Turgeon et Résidence Jardins de Montarville inc., 2012 QCCLP 3259

Date de décision: 15/05/2012

Mots-clés: Article 2 LATMP, Article 28 LATMP, Aucun antécédent médical, Décision favorable à la travailleuse, Délai de consultation, Délai de déclaration, Effets de la présomption, Entorse dorsolombaire, Hyperextension du dos, Infirmière auxiliaire

La travailleuse, une infirmière auxiliaire, conteste une décision du 15 février de la CNESST déclarant qu’elle n’a pas subi une lésion professionnelle . La travailleuse demande d’appliquer la présomption de l’article 28 LATMP pour conclure qu’elle a subi une entorse dorsolombaire le 7 janvier 2012.

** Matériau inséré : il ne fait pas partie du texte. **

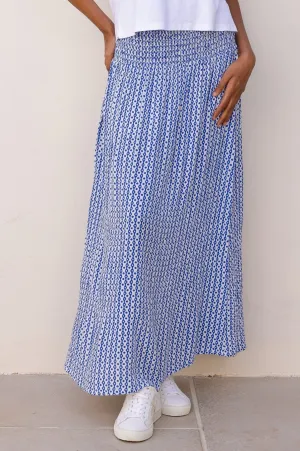 Brady Skirt | Santorini Border Blue/White Comfortable Feel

La travailleuse précise n’avoir aucun antécédent de blessure personnelle ou professionnelle. Le 7 janvier 2012, elle essaie de soulever un patient de 250 livres tombé à terre à l’aide d’une préposée aux bénéficiaires. En se relevant, elle fait une hyperextension du dos à la fin du mouvement et ressent une douleur à la jonction dorsolombaire. La douleur est supportable et elle finit son quart de travail, mais cette dernière demeure présente et s’intensifie. Sa première consultation médicale a lieu le 13 janvier 2012, où le médecin appose un diagnostic d’entorse dorsolombaire et lui recommande un arrêt de travail de 3 semaines et demie.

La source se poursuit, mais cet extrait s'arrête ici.